Federal Rule of Evidence 302 makes clear that presumptions are determined in accordance with State Law. The leading case in Florida regarding the rebuttable presumption, Public Health Trust of Dade County v. Valcin, 507 So. 2d 596, 600 (Fla. 1987), states that once the burden of proof is shifted under Fla. Stat. Ann. § 90.302(2), the presumption remains in effect even after the party to whom it is shifted introduces evidence tending to disprove the presumed fact, and the jury must decide whether the evidence introduced is sufficient to meet the burden of proving that the presumed fact does not exist. When evidence rebutting a presumption is introduced, the presumption does not automatically disappear. Id. It is not overcome until the trier of fact believes that the presumed fact is overcome by whatever degree of persuasion is required by the substantive law of the case. Id. at 600-601.

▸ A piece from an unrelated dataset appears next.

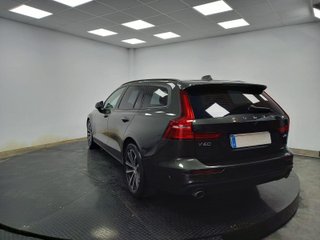 VOLVO V60 familiar 2.0 B4 (D) Momentum Auto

Accordingly, at a minimum, and only as an alternative to what Mr. J.G. believes is clear evidence of intentional, bad faith spoliation, Mr. J.G. is entitled to a rebuttable presumption that the condition of the vessel’s floor was inadequate under the circumstances.
It is clear from the record that Boston Boat completely removed the incident area from the Island Adventure. The preservation of the incident area was vital in proving Mr. J.G.’s theory of liability. It is Mr. J.G.’s position that Boston Boat acted in bad faith and destroyed the evidence intentionally. His position is supported by the fact that litigation had commenced over a year prior to the spoliation as well as the fact that Boston Boat had notice of Mr. J.G.’s intent to inspect the vessel. Furthermore, through their own inspection, Boston Boat’s Counsel knew of the renovations and did absolutely nothing to cure the spoliation. Mr. J.G.’s ability to prove his case has been severely inhibited and the only remedy to cure this prejudice is this Honorable Court’s sanctioning power.
WHEREFORE, Plaintiff respectfully requests that this Honorable Court enter an Order Granting Plaintiff’s Motion for Sanctions for Spoliation of Evidence; enter an order awarding Attorney’s fees and costs, and any other relief this Court deems reasonable and necessary.
CERTIFICATE OF SERVICE
I hereby certify that on this 9th day of June 2015, I electronically filed the foregoing document with the Clerk of the Court using CM/ECF. I also certify that the foregoing document is being served this day on all counsel of record or pro se parties identified on the attached Service List in the manner specified, either via transmission of Notices of Electronic Filing generated by CM/ECF or in some other authorized manner for those counsel or parties who are not authorized to receive electronically Notices of Electronic Filing.
ALSINA & WINKLEMAN, P.A.
Attorneys for Plaintiff
One Biscayne Tower, Suite 1776
2 South Biscayne Boulevard
Miami, Florida 33131
Telephone: (305) 373-3016
Facsimile: (305) 373-6204
By: /s/ Michael A. Winkleman
MICHAEL A. WINKLEMAN
Florida Bar No. 36719
PETER J. RIDGE
Florida Bar No. 114263
 Fla. R. Civ. P. 1.380 is derived from Fed. R. Civ. P. 37. See R. 1.380, Committee Notes, 1972 Amendment.